Select fresh or frozen tuna steaks. Ahi tuna is available as large steaks or fillets that can be cooked just like beef steaks. Look for dark red tuna steaks with firm flesh. Avoid buying steaks that are shiny or appear dry. Also, steer clear of tuna with blemishes or pale areas.
- Purchase 170g of tuna steak per serving.
- If using frozen tuna steaks, make sure to fully thaw them in the fridge before cooking.
- The best time to buy fresh tuna is from late spring to early fall. Fresh tuna is abundant during this period, while frozen tuna is available year-round.
- Look for Ahi tuna or yellowfin tuna from the US or Canada, as they have lower mercury content and are not overfished. Avoid bluefin tuna due to higher mercury levels and overfishing concerns worldwide.
Prepare the seasoning blend for the tuna. Pan-seared tuna is often coated with spices to enhance its meaty flavor. You can use steak seasonings or any mix that includes garlic powder, pepper, and dried herbs. Combine the following ingredients to make a seasoning blend (enough for one 170g steak):
- 1/2 teaspoon salt
- 1/4 teaspoon black pepper
- 1/4 teaspoon red chili powder
- 1/4 teaspoon garlic powder
- 1/4 teaspoon dried basil
- 1/4 teaspoon dried oregano
Heat the pan or grill. Tuna steaks and fillets cook easily when seared on a hot pan or grill. The key is to ensure the pan or grill is fully heated before placing the tuna on it. This ensures the tuna cooks evenly and gets a perfect sear.
- If using a stove, heat a cast-iron skillet or heavy pan over medium heat. Add a tablespoon of peanut or canola oil and heat it until the oil begins to smoke.
- If using a grill, light the charcoal and allow it to burn for about 30 minutes before cooking the tuna. This ensures the grill reaches the optimal temperature for searing the fish.
Coat the tuna with the seasoning mix. Each tuna steak or fillet should be seasoned with about 1-2 teaspoons of the spice blend. Spread the seasoning evenly on all sides of the fish. Then, let the tuna sit at room temperature to absorb the flavors before grilling or pan-searing it.
Pan-sear both sides of the tuna steak. Tuna steaks are often enjoyed rare since the texture of rare tuna looks more appealing, while fully cooked tuna can become dry.
- To get a crispy exterior and a rare interior, place the tuna steak on the pan or grill. Sear the first side for about 2 minutes. Flip the tuna and sear the other side for another 2 minutes, then turn off the heat.
- Watch the tuna closely while searing to prevent overcooking. You will notice the heat cooking the tuna from the bottom up.
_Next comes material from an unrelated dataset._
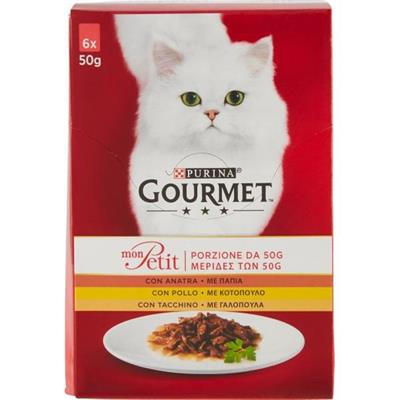 GOURMET MON PETIT POLLAME/ANATRA/POLLO/TACCHINO GR 50X6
If you feel that 2 minutes per side is too long, you can flip the tuna earlier.
- If you prefer fully cooked tuna, leave it on the pan for a little longer.
Oven-Baked Ahi Tuna

Preheat the oven to 200°C.
Grease the baking dish. Choose a glass or ceramic baking dish that is slightly larger than the tuna steak or fillet. Coat the bottom and sides of the dish with olive oil to prevent the tuna from sticking to the dish.
Butter and season the tuna. Spread a tablespoon of melted butter or olive oil over each tuna steak or fillet. Then season with salt, pepper, and any dried herbs you prefer. Ahi tuna already has a great flavor, so just a light seasoning is enough.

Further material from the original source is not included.